Conjecture: "Let $\tau = \frac{1+p\sqrt{-3}}{2}$ with integer $p>1$. Then $\alpha$ is the root of an analogous quadratic, $$16\cdot\color{blue}{432}\,\alpha(1+\alpha)=-j(\tau)$$ with j-function $j(\tau)$. And if odd $p=3k\pm1$ is a prime, then $\alpha$ and $\beta^6$ are algebraic numbers of degree $k$."

$$\begin{array}{|c|c|c|c|c|} \hline p&\tau&\alpha(\tau)&\beta(\tau)&\text{Deg}\\ \hline 3&\frac{1+3\sqrt{-3}}2&\frac{125}3& \large\frac2{3^{5/6}} &1\\ 5&\frac{1+5\sqrt{-3}}2&2^7\phi^9& \large\frac3{5^{5/6}}\phi^{-1} &2\\ 7&\frac{1+7\sqrt{-3}}2&\Big(\frac{129 + 29\sqrt{21}}2\Big)^3& \large\frac47 \frac1{U_{21}^{1/2}} &2\\ 11&\frac{1+11\sqrt{-3}}2& x_1 & \large\frac6{11} x_2 &4 \\ 13&\frac{1+13\sqrt{-3}}2& y_1 & \large\frac7{13} y_2 &4 \\ \hline \end{array}$$ $U_{21}=\frac{5+\sqrt{21}}2$ is a fundamental unit, while $x_i,y_i$ are roots of quartics which are rather tedious to write down. And so on.

Q: How do we prove this conjecture? (And the other two?)

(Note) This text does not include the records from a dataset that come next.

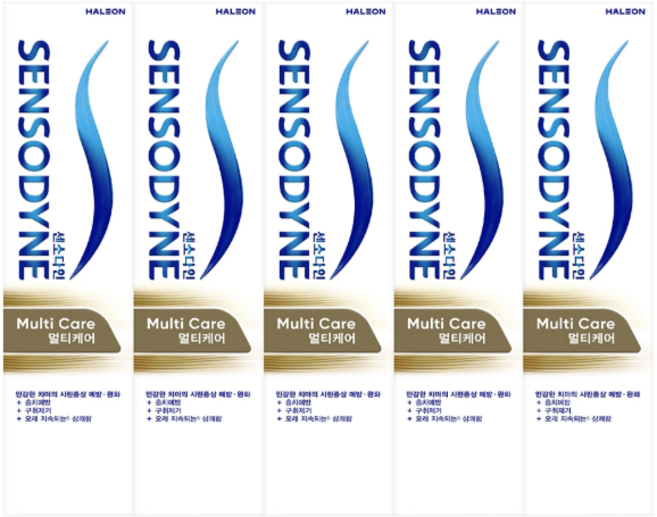 센소다인 멀티케어 치약 100g 5개 시린이 개선 구취제거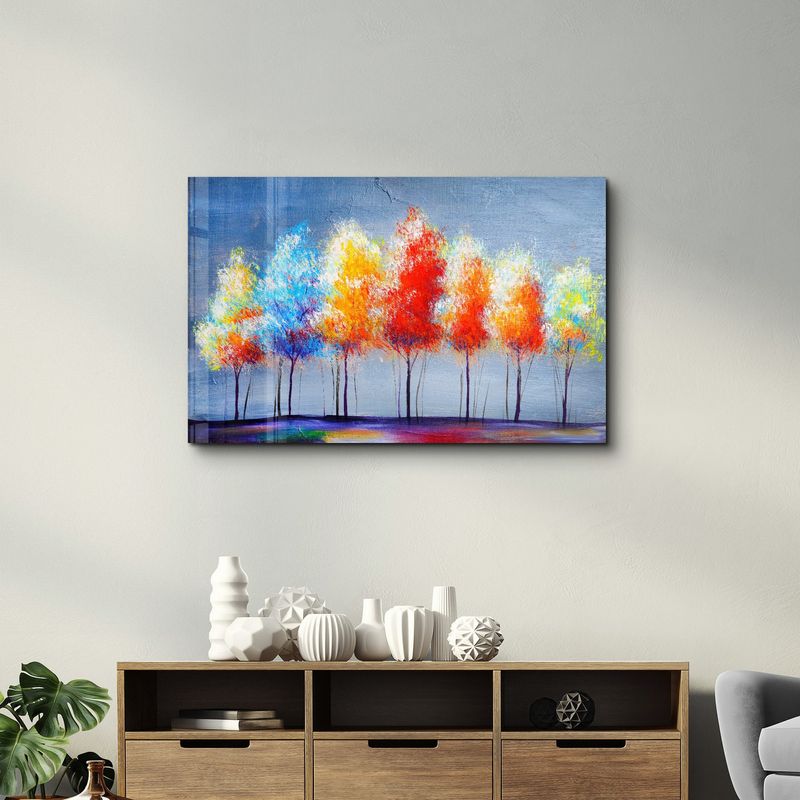 Casa si Gradina - Decoratiuni - Tablouri - Tablou decorativ, Wallxpert, sticla temperata, multicolor, 70x110 cm, 672BRS2348 - Infinity.ro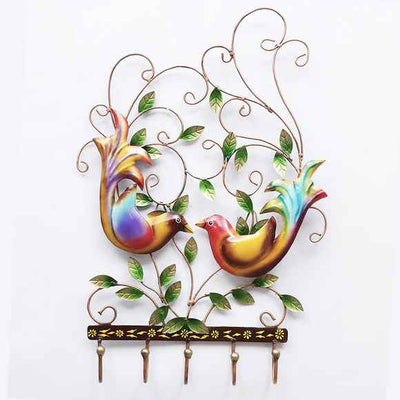 Two Sparrow Metal Wall Hook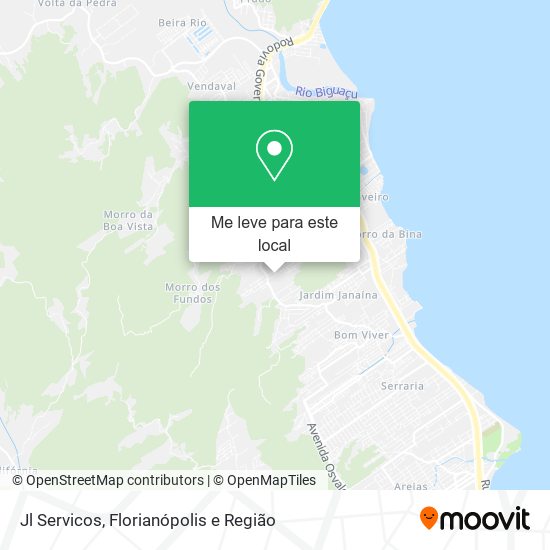 Jl Servicos mapa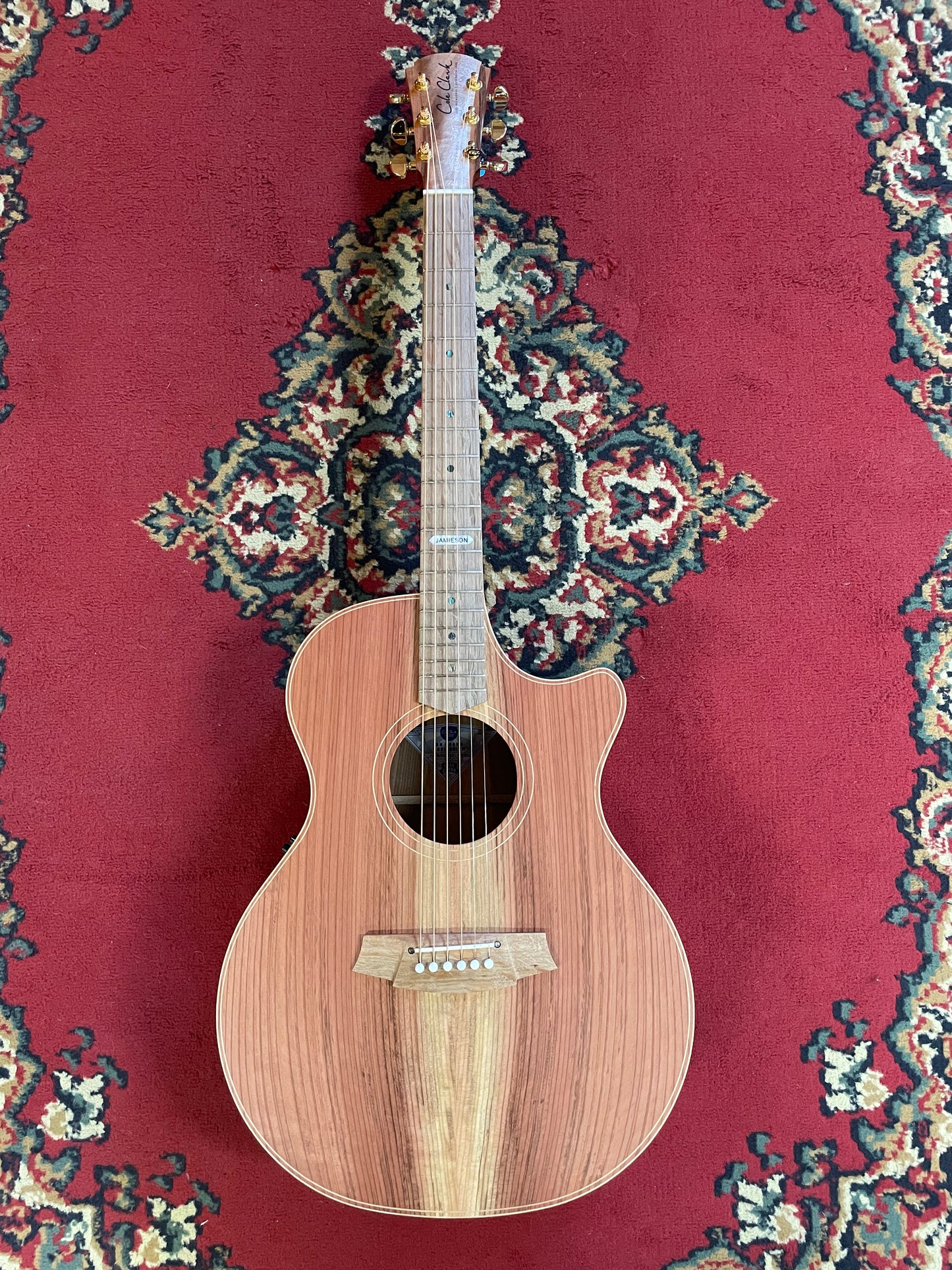 Cole Clark Ltd Edition 'Jamieson' Angel ANEC2 Acoustic Electric Guitar - Redwood Top Blackwood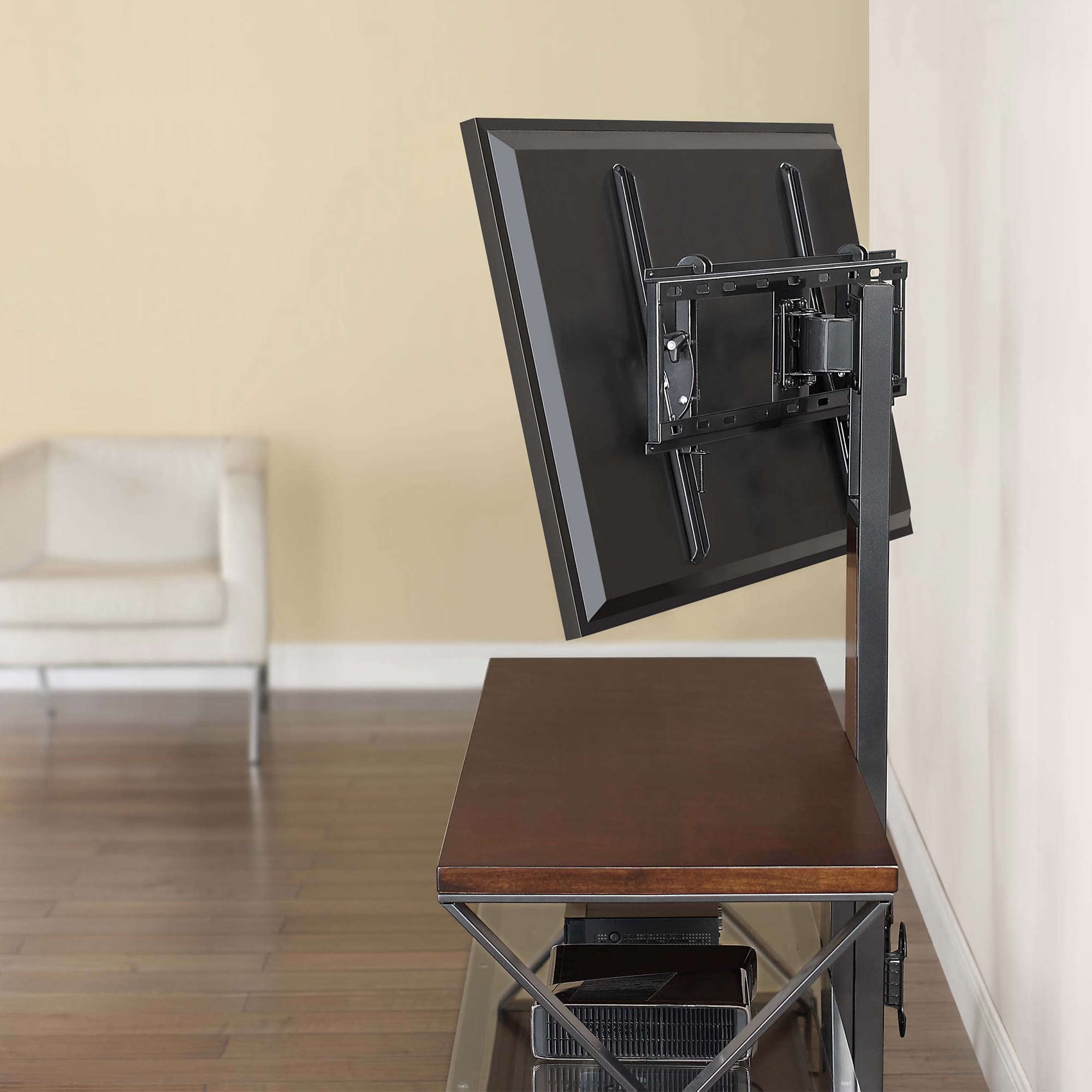 Jaxon 3 In 1 Cognac Tv Stand For Tvs Up To 70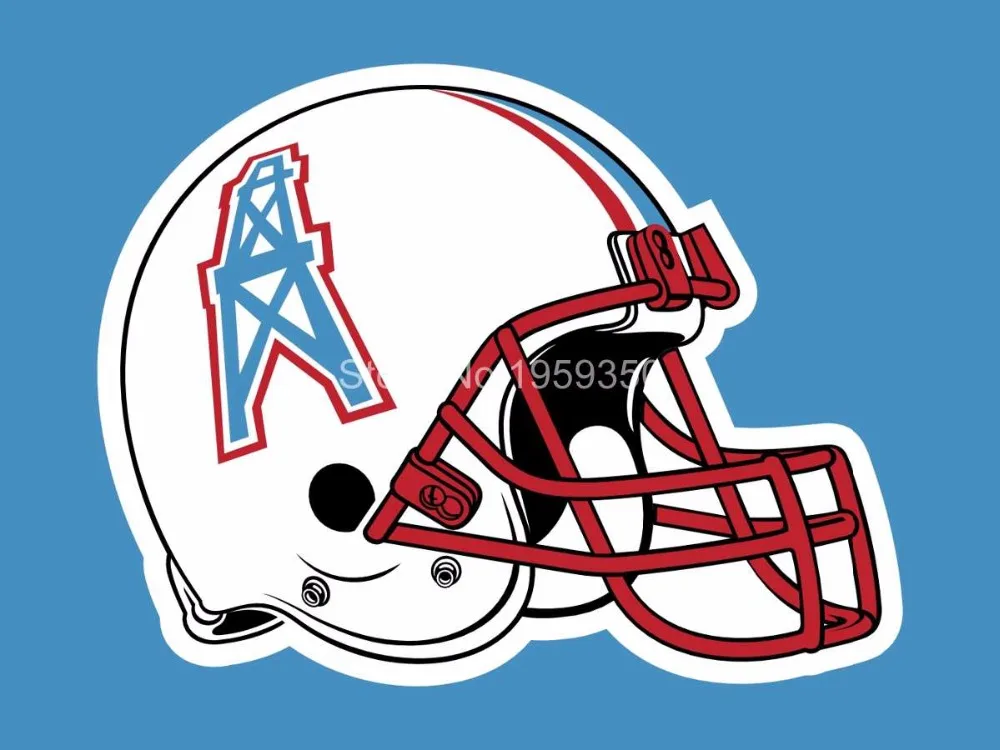 Houston Oilers PHelmet logo car flag 12x18inches double sided 100D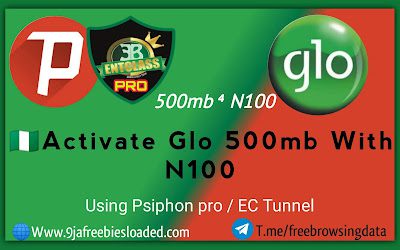 How To Activate Glo WTF Social Bundles, 500MB For 100 Naira and Power It With Vpn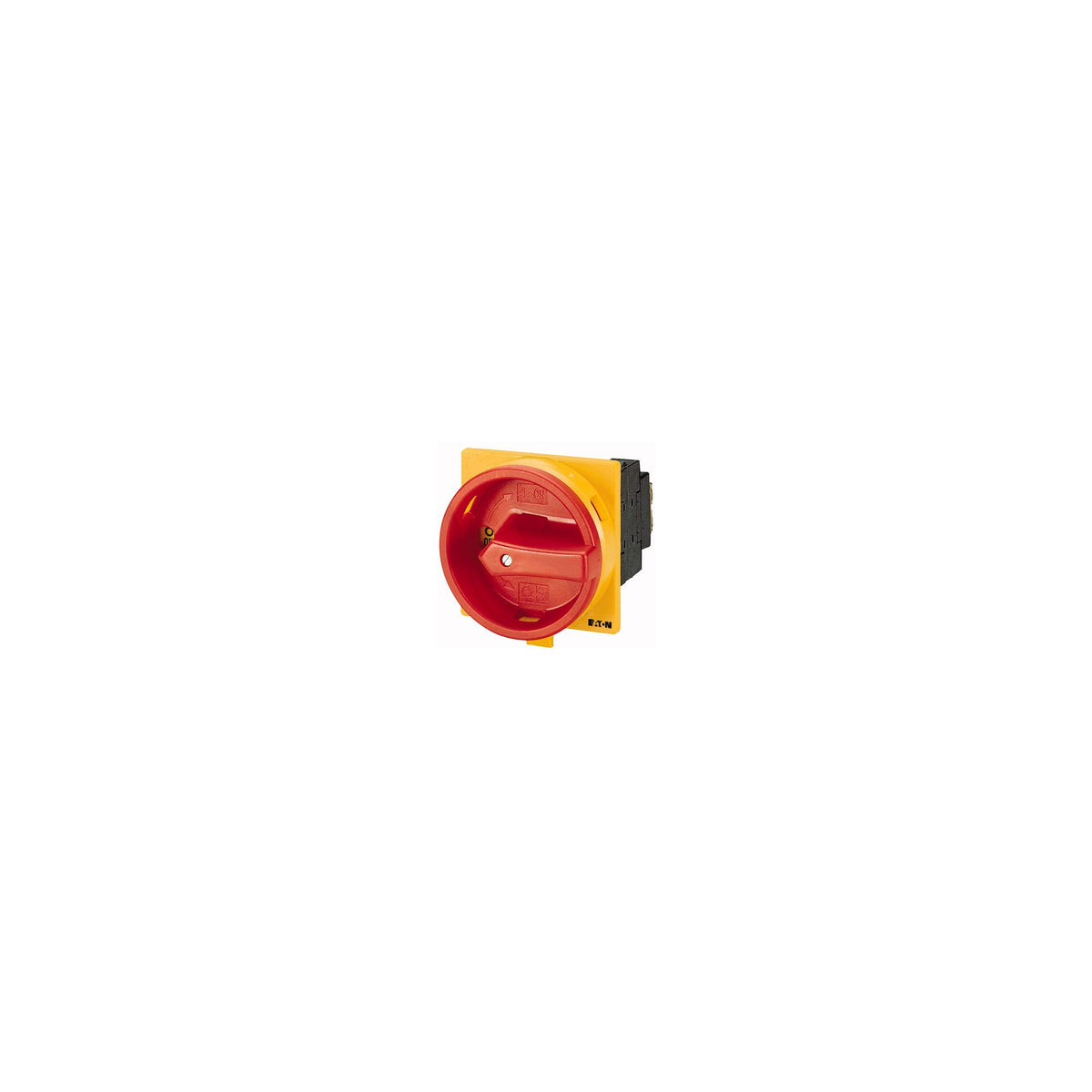 3pole 25A P/Mount Main Switch - padlockable - left view
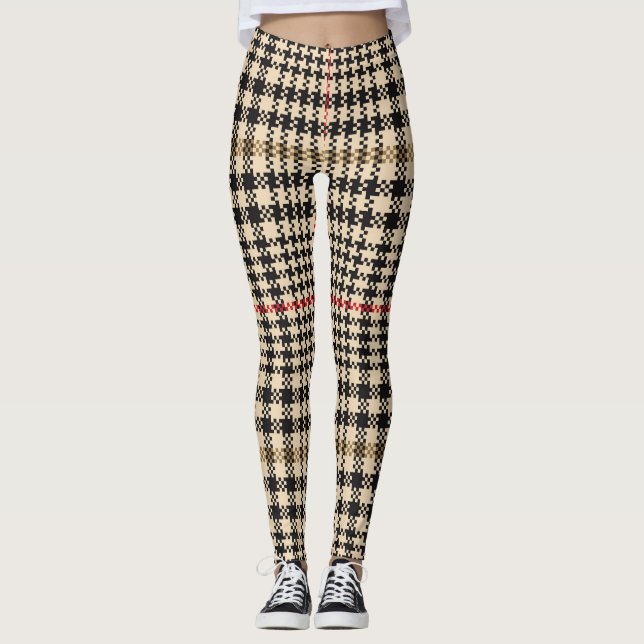 Glen Check Play Pixel Art Leggings (Framsida)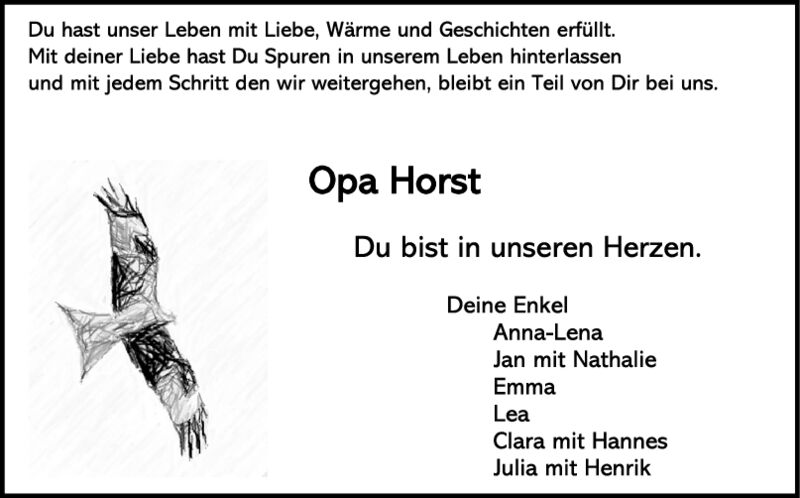 Nachruf Horst Schober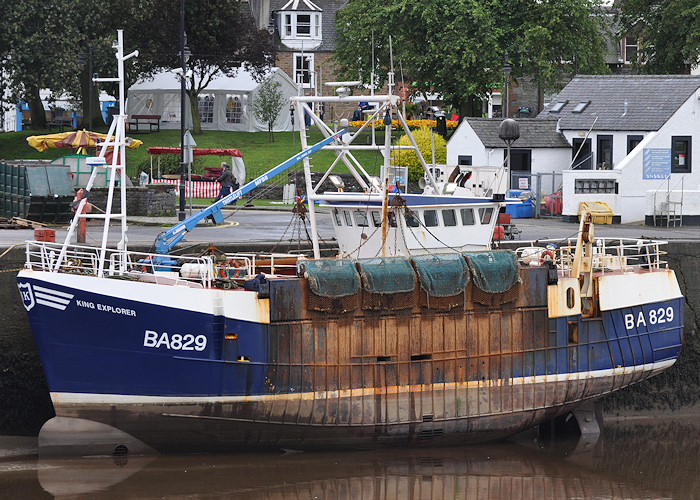 Photograph of the vessel fv King Explorer pictured at Kirkcudbright on 27th August 2011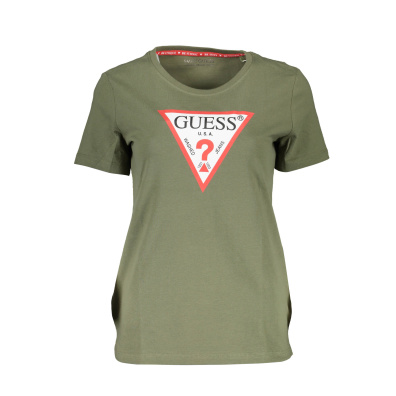 T-shirt Με Λογότυπο Guess W1RI00I3Z11-G8U0 Πράσινο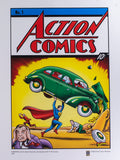 Action Comics Superman Number 1 12x16 Framed DC Comic Limited Edition Giclee Sports Integrity
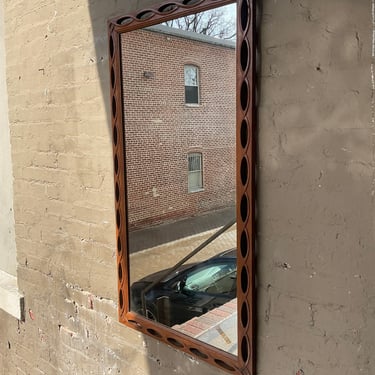 MCM Walnut Mirror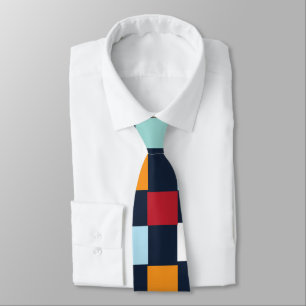 Colourful Chequerboard Pattern Tie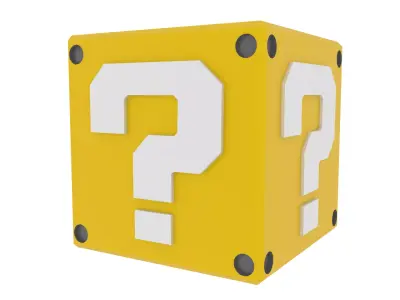 Mariobros Cube Low-poly 3D model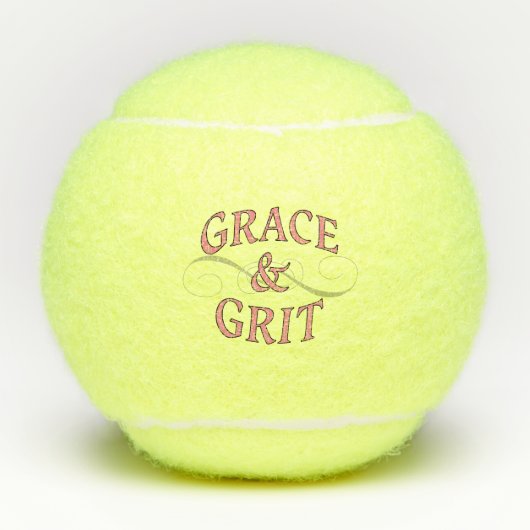 Grace & Grit in roze en grijs Tennisballen (Voorkant)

• Beukers and Wolfart prove a result which after some tweaking becomes $\alpha(\tau)=-\frac12+\frac12\sqrt{1-\frac{j(\tau)}{1728}}$, $~\beta(\tau)=\frac{\pi~ e^{\frac{\pi i}{12}} \left(\sqrt{3}-2i \tau-i\right) \eta (\tau)^2}{2^{4/3} \sqrt{3}~ K(k_3)}$. – Nemo Jan 2 '17 at 9:21
• Another one with golden ratio ${}_2F_1\left(\frac{3}{5},\frac{1}{2};\frac{9}{10};\frac{1}{\phi ^2}\right)=\frac{\phi ^{2}}{\sqrt{5}}$. – Nemo Jan 3 '17 at 15:17
• @Nemo: That's very nice. This has $a+b+c = 1$. Does this belong to a family? – Tito Piezas III Jan 3 '17 at 15:52
• I'm afraid that's an isolated result. I got it from a transformation from the 2nd page of this article kurims.kyoto-u.ac.jp/~kenkyubu/bessatsu/open/B44/pdf/B44-18.pdf – Nemo Jan 3 '17 at 15:57
• @Nemo: I've edited this question. Can you put that $a\color{blue}-b+c=1$ example (typo corrected) as an answer for Question 2? (Also with a derivation please.) Since it is derived, we'll see if it is really isolated or not. – Tito Piezas III Jan 3 '17 at 16:14

Courtesy of this new question by another OP, we find a simple family with a common form that relates this post with that question using, $$_2F_1\big(a,a;a+\tfrac12;z_1\big)\quad\text{and}\quad_2F_1\big(\tfrac12,a;1;z_2\big)$$ for $a=\frac13,\frac14,\frac16$. (Nemo has tackled the cases $a=\frac13$ and $a=\frac14$, and transformations can connect his results with the family below.)

Note: The relations $(1),(2),(3)$ hold for real $N>1$, but each side is the same algebraic number for integer $N>1$.

I. $a=\frac13$

$$_2F_1\big(\tfrac13,\tfrac13;\tfrac56;-\alpha\big) = \frac{1+N}{4\sqrt[4]{27}\,(1+\alpha)^{1/3}}\frac{_2F_1\big(\tfrac12,\tfrac13;1;\tfrac1{1+\alpha})}{\pi^{-1}\,K(k_3)}\tag1$$ where, $$\alpha =\alpha(\tau)= \frac1{4\sqrt{27}}\big(\lambda^3-\sqrt{27}\lambda^{-3}\big)^2,\quad\lambda =\frac{\eta\big(\frac{\tau+1}3\big)}{\eta(\tau)},\quad \tau=\frac{1+N\sqrt{-3}}2$$

II. $a=\frac14$

$$_2F_1\big(\tfrac14,\tfrac14;\tfrac34;-\beta\big) = \frac{1+N}{4\sqrt[4]{4}\,(1+\beta)^{1/4}}\frac{_2F_1\big(\tfrac12,\tfrac14;1;\tfrac1{1+\beta})}{\pi^{-1}\,K(k_1)}\tag2$$ where, $$\beta=\beta(\tau)= \frac1{4\sqrt{64}}\big(\mu^6-\sqrt{64}\mu^{-6}\big)^2,\quad\mu=\frac{\sqrt2\,\eta\big(2\tau\big)}{e^{2\pi i /48}\,\eta(\tau)},\quad \tau=\frac{1+N\sqrt{-1}}2$$

III. $a=\frac16$

$$_2F_1\big(\tfrac16,\tfrac16;\tfrac23;-\gamma\big) = \frac{1+N}{4\sqrt[4]{3}\,(1+\gamma)^{1/6}}\frac{_2F_1\big(\tfrac12,\tfrac16;1;\tfrac1{1+\gamma})}{\pi^{-1}\,K(k_3)}\tag3$$ where, $$\gamma=\gamma(\tau)=\frac{-72+\sqrt{3}\sqrt{1728-j(\tau)}}{144},\quad \tau=\frac{1+N\sqrt{-3}}2$$ with j-function $j(\tau)$.

IV. Integrals

These $\alpha,\beta,\gamma$ also imply, $$\int_0^{\infty}\frac1{\sqrt[3]{1+2\alpha+\cosh x}}dx=\frac{1+N}{\sqrt3}\,\int_0^{\pi/2}\frac1{\sqrt[3]{2\alpha+2\sin^2 x}}dx$$

$$\int_0^{\infty}\frac1{\sqrt[4]{1+2\beta+\cosh x}}dx=\big(1+N\big)\,\int_0^{\pi/2}\frac1{\sqrt[4]{2\beta+2\sin^2 x}}dx$$

$$\int_0^{\infty}\frac1{\sqrt[6]{1+2\gamma+\cosh x}}dx=1728^{1/6}\,\frac{1+N}{2}\,\int_0^{\pi/2}\frac1{\sqrt[6]{2\gamma+2\sin^2 x}}dx$$

using $\tau$ as defined per section.

P.S. This family with $a+\tfrac12=b+\tfrac12=c$ joins this second family with $a+b=c=\frac12$ as being two $_2F_1$ functions related in a simple way by eta quotients and $K(k_n)$. Are there any more?